## Work to complete:
Your copy of the listing should be exact and should contain no pictures.

## Data below:
* * *

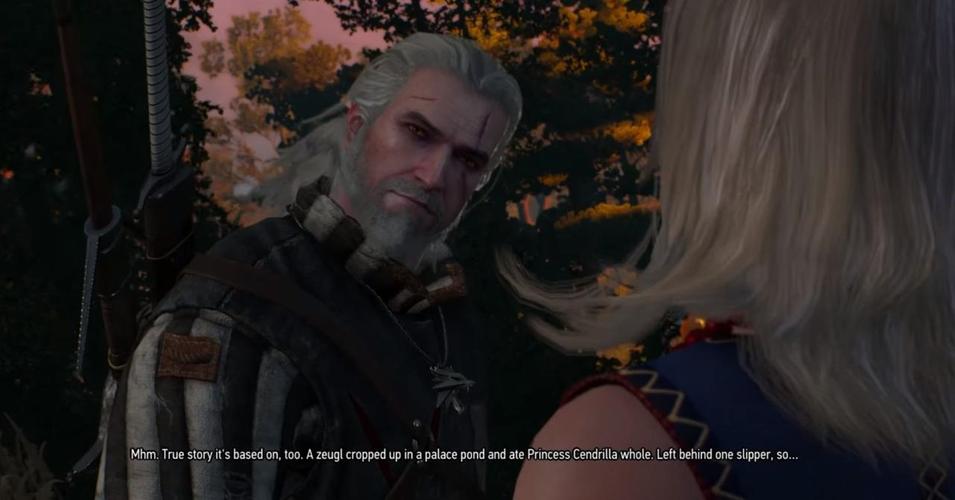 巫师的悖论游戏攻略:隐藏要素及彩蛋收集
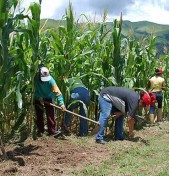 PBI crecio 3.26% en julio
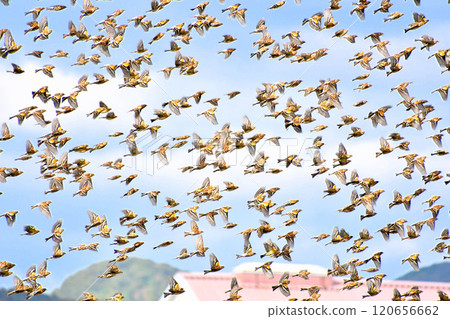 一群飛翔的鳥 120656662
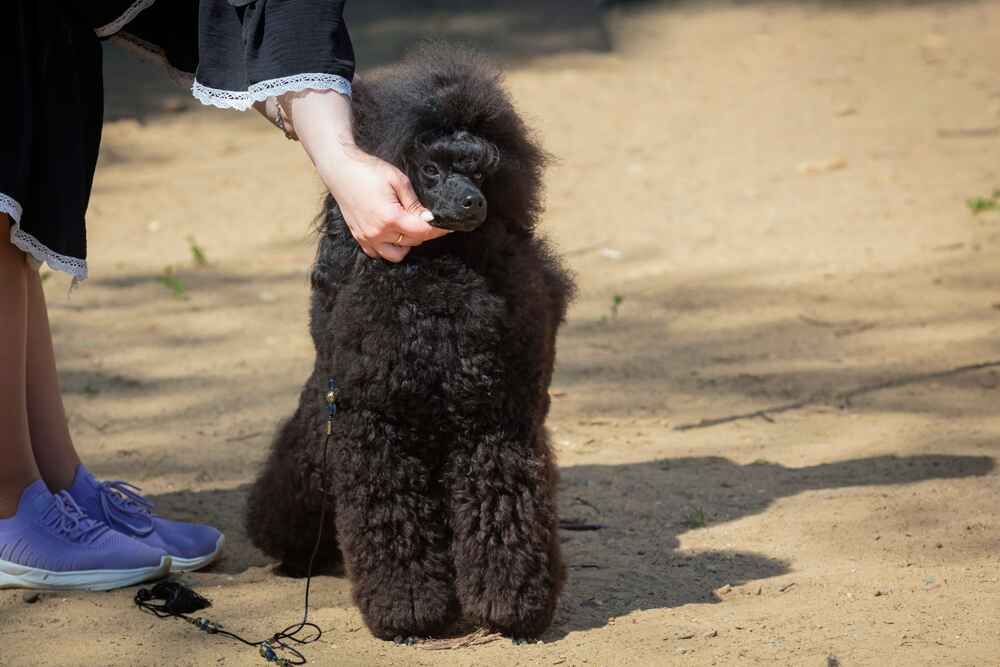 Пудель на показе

* * *

## Solution below:
 巫师的悖论游戏攻略:隐藏要素及彩蛋收集
 PBI crecio 3.26% en julio
 一群飛翔的鳥 120656662
 Пудель на показе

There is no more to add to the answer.